Monday, September 12, 2016

Wacky Days of September. THE DEVONIAN ENVIRONMENT Paleogeography

The physical geography of the Devonian can be reconstructed using evidence from paleomagnetism, paleoclimate, paleobiogeography, and tectonic events. Because the paleomagnetic data for the Devonian is conflicting, recent efforts to describe the positions of the continents have concentrated on the rock types associated with particular environments. Such methods focus on the distribution of evaporites, shelf carbonates, and corals because present-day deposits of these types have specific, well-known climatic constraints. Faunal distributions are also employed but to a lesser extent.



There is general agreement that the paleoequator crossed the northern part of Laurussia during the Devonian. Paleomagnetic evidence, however, is not clear, and various positions for the exact placement of the paleoequator have been proposed. Though Laurussia was essentially tropical or subtropical, its climatic zones changed somewhat through the course of the Devonian as this landmass migrated northward during Late Devonian and Early Carboniferous times. Evidence for this movement includes the reduction in evaporitic environments in western Canada and the onset of humid and moist conditions in the area of New York.

The southern continents of today were united into the supercontinent of Gondwana during the Devonian approximately along the lines of their present-day continental shelf boundaries. Establishing the position of Gondwana is more difficult than for Laurussia. Some interpretations favour a wide ocean separating these two large landmasses, but this arrangement is thought to be unlikely because of the remarkable occurrences of similar corals, brachiopods, and ammonites in eastern North America, Morocco, and Spain. Yet, even if these areas were close together, their precise positioning is not certain. Based on the similarity in fossils, some researchers would place North Africa adjacent to the eastern North American seaboard during this period. The late Devonian reef developments in Western Australia suggest a near tropical site for this portion of the southern landmass.

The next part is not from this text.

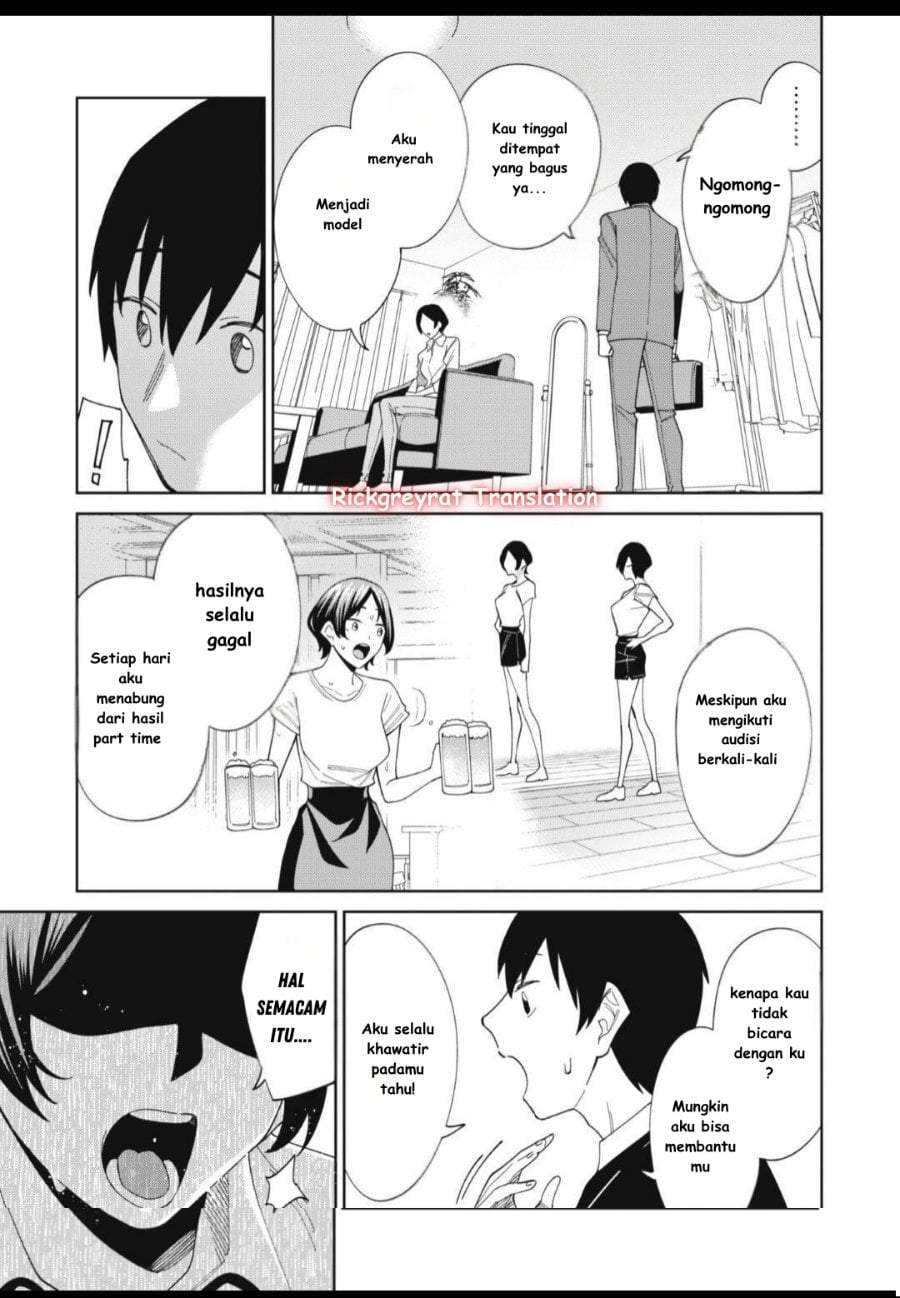 Ninki Haishinsha-tachi no Manager ni Nattara, Zen’in Moto-kano datta Chapter 1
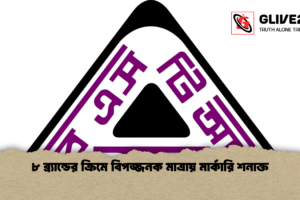 ৮ ব্র্যান্ডের ক্রিমে বিপজ্জনক মাত্রায় মার্কারি শনাক্ত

The positions of the microcontinents that later came together to form Asia are rather uncertain, but many of them probably were either attached or adjacent to the northern margin of Gondwana and migrated north to fuse with the growing area of Asia at several junctures during the later Phanerozoic Eon.

Paleomagnetic evidence is inconsistent regarding the position of the South Pole. Though some researchers postulate a location in central South America, most favour a position south of central Africa or off its southeast coast. The North Pole was in the ocean.